To this rejoinder the plaintiff demurred, on the grounds, that it is vague, indefinite, uncertain, and insufficient; that it is not alleged that there was any consideration for the nonwaiver agreement; that it is not alleged that the nonwaiver agreement was entered into without notice on the part of defendant of the existence of the facts constituting a forfeiture of the policy; that the nonwaiver agreement is simply declaratory of the nonwaiver stipulation contained in the policy, and does not constitute a bar to the waiver created by defendant's adjuster proceeding to investigate the loss, and requiring plaintiff to submit proofs as to plaintiff's loss, and defendant's liability.

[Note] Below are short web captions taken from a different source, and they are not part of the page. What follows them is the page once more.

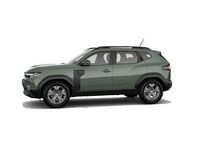 Neu Dacia Duster Expression 158 PS (116 kW) 2025 Weiß SUV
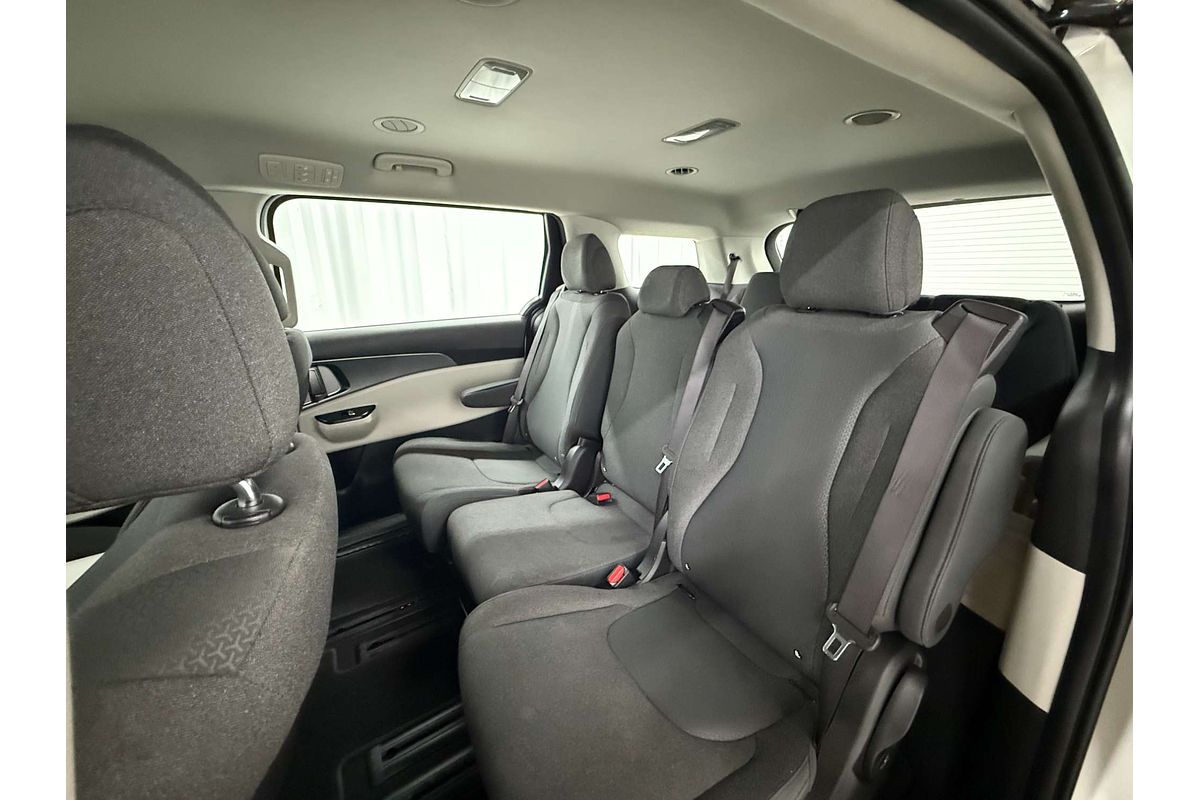 2022 Kia Carnival S KA4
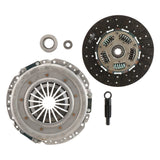 Clutch Kit - Ford by Valeo 52802005-VAL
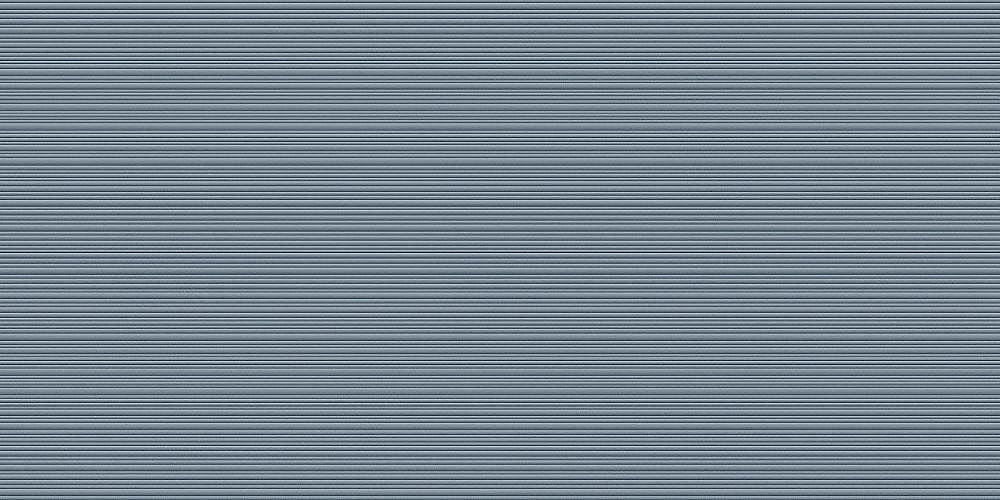 Gresie Nuances Cielo Ribbed 60x120 cm, finisaj mat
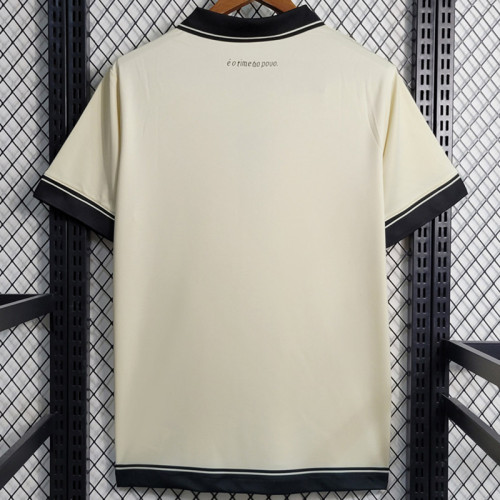 2023 Corinthians 110th Anniversary Edition Fans Soccer Jersey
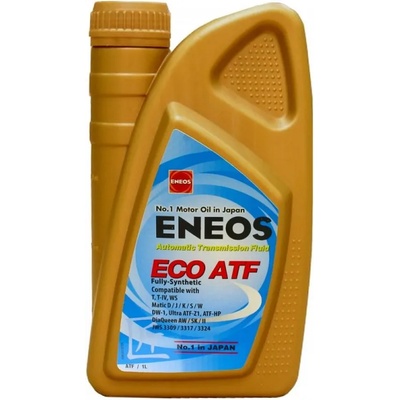 ENEOS eco atf 1 литър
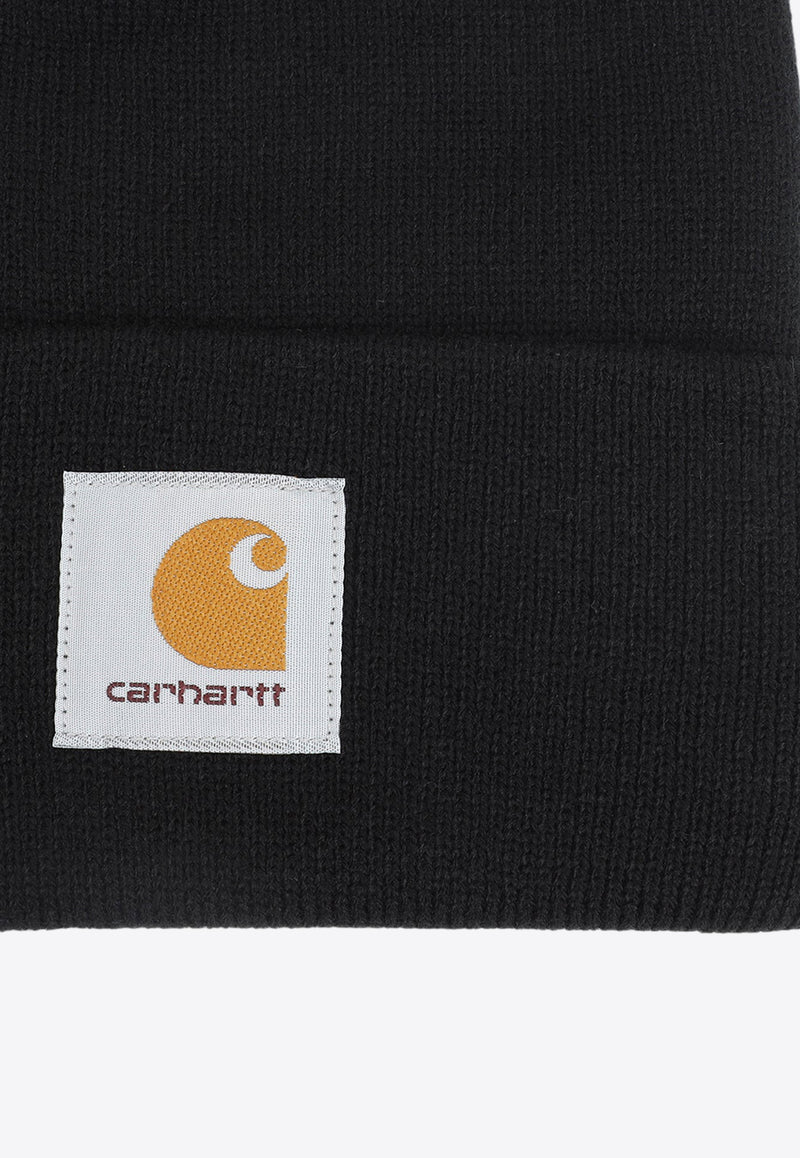Short Watch Beanie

The demurrer to the rejoinder being sustained, and the defendant having joined issue on the plaintiff's replication to the defendant's pleas, the case proceeded to trial, and resulted in a verdict and judgment for the plaintiff for $2,000, with interest, and $25 and 10 per cent. for attorney's fees. A motion for a new trial having been denied by the trial judge, writ of error was sued out to this court.
There are nine assignments of error, as follows:
'(3) The court erred in admitting in evidence the two pages of the inventory, amounting to $78.92 and $98.25, being various articles of jewelry.
'(4) The court erred in overruling defendant's motion to strike out the item of microscope, $100, from plaintiff's inventory in evidence.
'(5) The court erred in admitting in evidence the letter dated April 10, 1915, signed by J. T. Dargan, Jr., addressed to Whitfield & Thomas, and in...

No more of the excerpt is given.